I spent a good many years in Cyprus, during my RAF career and have many Greek Cypriot friends and a strong feeling for the South of the island. However.... people should be aware that the property problems on the island will, in my opinion, affect both sides of the island in terms of property. There were Turkish Cypriots that fled North, and Greek Cypriots that fled South, but all that left their homes will/may have claim on the land in the future. So although people that have bought in the North do so in the knowledge that there may be land issues, those that have bought in the South of the island do not expect any problems. But what will happen to buyers in the South when a Turkish Cypriot comes knocking on the door to say it used to be his land? I just see it as 2 sides to the same coin! I am NOT taking sides at all, and please don't bombard me with replies for voicing an opinion that I feel is valid. The property issue is as likely to affect buyers in the South as much as it may in the North. Personally, I see the island as one, I see it as 'Cyprus' with Cypriots... not Greeks and Turks.


----------



## Veronica (Apr 5, 2008)

Turkish Cypriot property stands empty in the south.
No one is allowed to build on Turkish land. Some Turkish land is being farmed by Greek Cypriots who know that the Turkish owners may one day come to reclaim it.
Also in some villages where there are many Turkish houses Greek Cypriots are allowed to occupy them for a peppercorn rent but know again that the owneres may one day reclaim them. These houses are being kept in good habitable condition so the Turkish owners will actaully benefit from the fact that they are being lived in and not standing empty and falling down like most Turkish owned houses in the South are.
We have only heard of a very small handful of case where Greek developers tried to build on Turkish land but they were forbidden by the land registry.
If there are any cases of Turksih land being built on we have not heard of them.
I must also add that I too lived here before the split and had many Turkish Cypriot friends. It is not the Turkish Cypriots who are the problem but the Turkish government and the Turks who were brought over from Turkey to swell the Turkish population.


----------



## Veronica (Apr 5, 2008)

geetee53 said:


> Help! We're looking at retiring to Northern Cyprus quite soon but we don't have a clue about taxation - there or in respect of the UK. We're both teachers, and will get teacher's pension plus state pension (eventually) Can anyone tell me what the situation is there? We're coming out in July to look at property.

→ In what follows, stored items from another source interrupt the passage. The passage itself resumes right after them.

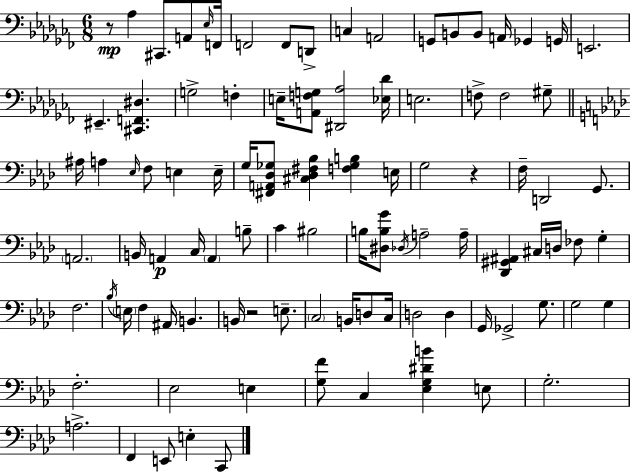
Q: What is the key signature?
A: AES minor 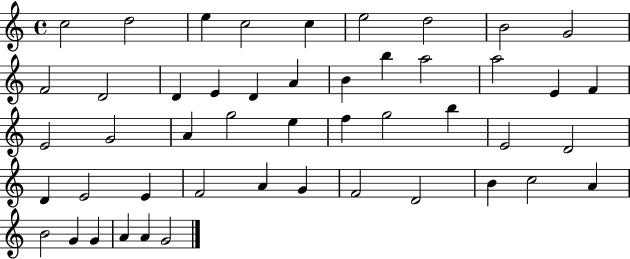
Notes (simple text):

C5/h D5/h E5/q C5/h C5/q E5/h D5/h B4/h G4/h F4/h D4/h D4/q E4/q D4/q A4/q B4/q B5/q A5/h A5/h E4/q F4/q E4/h G4/h A4/q G5/h E5/q F5/q G5/h B5/q E4/h D4/h D4/q E4/h E4/q F4/h A4/q G4/q F4/h D4/h B4/q C5/h A4/q B4/h G4/q G4/q A4/q A4/q G4/h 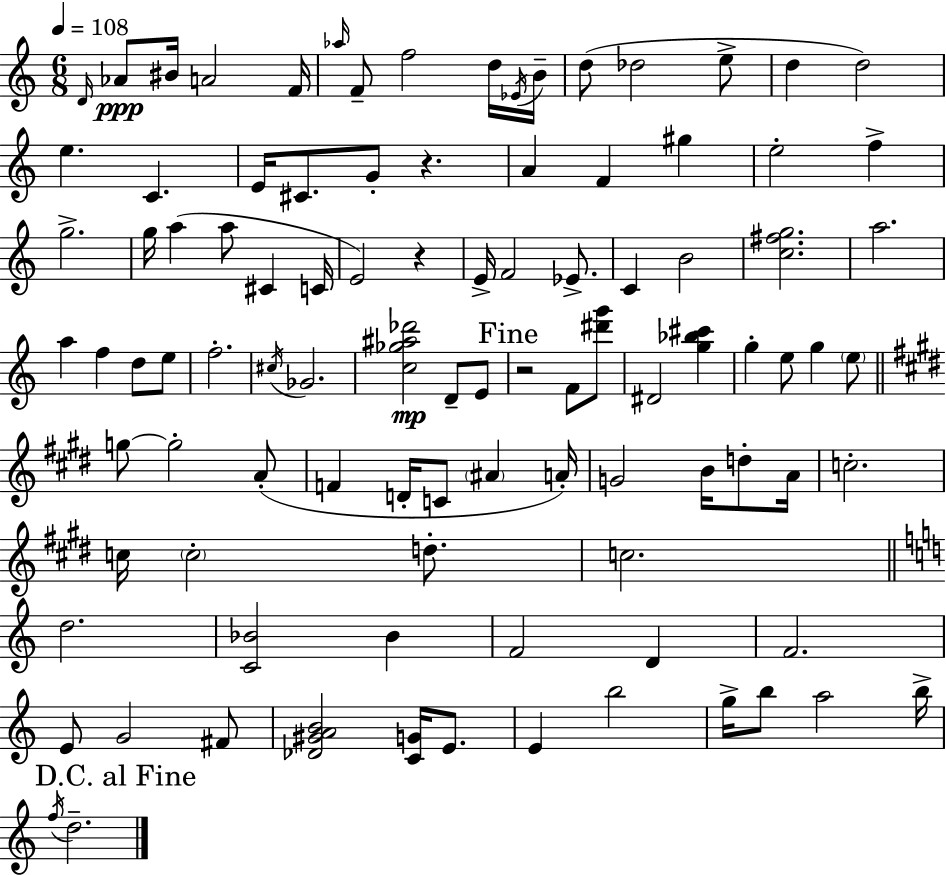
D4/s Ab4/e BIS4/s A4/h F4/s Ab5/s F4/e F5/h D5/s Eb4/s B4/s D5/e Db5/h E5/e D5/q D5/h E5/q. C4/q. E4/s C#4/e. G4/e R/q. A4/q F4/q G#5/q E5/h F5/q G5/h. G5/s A5/q A5/e C#4/q C4/s E4/h R/q E4/s F4/h Eb4/e. C4/q B4/h [C5,F#5,G5]/h. A5/h. A5/q F5/q D5/e E5/e F5/h. C#5/s Gb4/h. [C5,Gb5,A#5,Db6]/h D4/e E4/e R/h F4/e [D#6,G6]/e D#4/h [G5,Bb5,C#6]/q G5/q E5/e G5/q E5/e G5/e G5/h A4/e F4/q D4/s C4/e A#4/q A4/s G4/h B4/s D5/e A4/s C5/h. C5/s C5/h D5/e. C5/h. D5/h. [C4,Bb4]/h Bb4/q F4/h D4/q F4/h. E4/e G4/h F#4/e [Db4,G#4,A4,B4]/h [C4,G4]/s E4/e. E4/q B5/h G5/s B5/e A5/h B5/s F5/s D5/h. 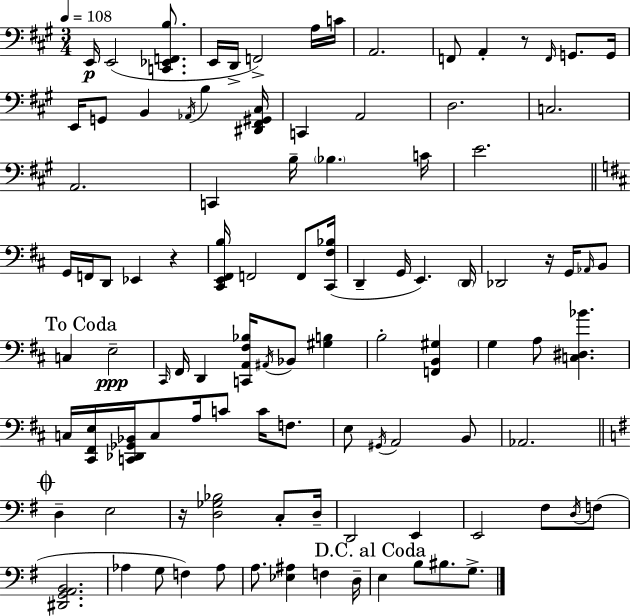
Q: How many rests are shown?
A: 4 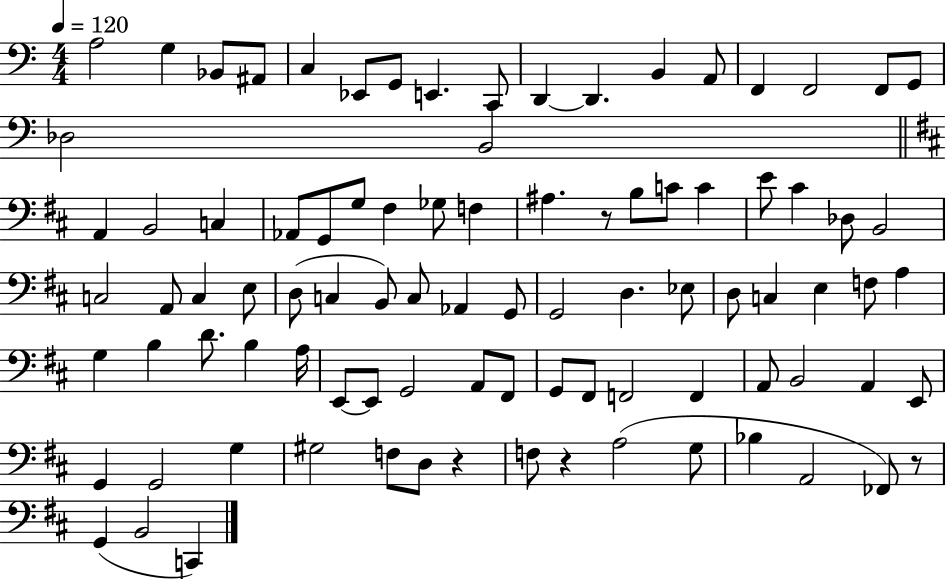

One thing to bear in mind when deciding where to retire to is that Southern Cyprus is in the EU and your pensions can be paid directly into bank acoounts here. Also as far as tax is concerened which you were asking about, if you de-register in the UK you would pay any taxes in Cyprus not it the UK. This means that you would have £10kCyp(whatever that equates to in Euors) allowance per person before paying any tax and after that you would be taxed at 10%. So you would be paying far less tax than in the UK.


----------



## gloucester_geezer (May 5, 2008)

Hi Veronica,

Certainly don't want to get into a slanging match with anyone over this issue... but there are good and bad stories to be told/heard regarding both sides. If the press is to believed then Larnaca airport and some of Paphos airport are built on Turkish Cypriot land. I accept that some houses may be left standing and empty, but in an area such as Paphos, which had a strong Turkish Cypriot community, then it is obvious that the properties have not been left empty, the land has been built on and it will all have to be sorted out once, if ever, and agreement is made.
As I say, I don't want to get into a tit-for-tat arguement with anyone so this will be my last input on the subject, but everyone buying/retiring etc. to Cyprus, on either side of the border, should be fully aware of the potential problems associated with buying on either side.


----------



## theresoon (Apr 11, 2008)

Hi Gloucester geezer,

I don't know if you have ever purchased property in Cyprus but if so you would remember that in the Republic of Cyprus there is a Land Registry, which is actually very well run. Very busy but still well run. This was established before any problems had started in Cyprus and therefore you can know exactly what you are buying. If you try and get a mortgage the bank will do the search and let you know. I had a customer before who wanted a loan on a piece of land in Cyprus, the bank did the search and found that she owned 1/2 of this property and the other 1/2 was jointly owned by 16 members of a family that most of it's members are in prison for serious crimes. She knew about it but didn't think to tell me. Now if you were to try to buy such property the bank would tell you the problems and advise you against such purchase.


----------



## geetee53 (Apr 25, 2008)

*Retiring in Cyprus*

Well, this is a hornets nest! I am aware of the difficulties & differences that exist in Cyprus and clearly we are trying to deal with them in the best way we can. thanks for the advice on tax and pensions.
Political situation - we are trying to look at Pre 74 Turkish title deed property only do safeguard ourselves and to ensure we don't get embroiled in a political/personal dispute. Any thoughts?


----------



## Veronica (Apr 5, 2008)

We also tried to buy a piece of land and our solicitor found when doing a search at the land registry that the family who were selling it only had a small share and the remainder was owned buy 5 other family members.
Anyone trying to buy property which is not legally owned by the vendor will soon find out provided they have the sense to use a solicitor.
Even if someone was foolish enough to buy such land because they do not use a solicitor they would not get planning permisssion to built on it as they would not be the legal owners.
Yes it is true that there is some turkish owned land which has been used for building roads, airports etc. But there is a govenment fund to re-imburse the Turkish owners of such land in case of a solution to the Cypriot problems.


----------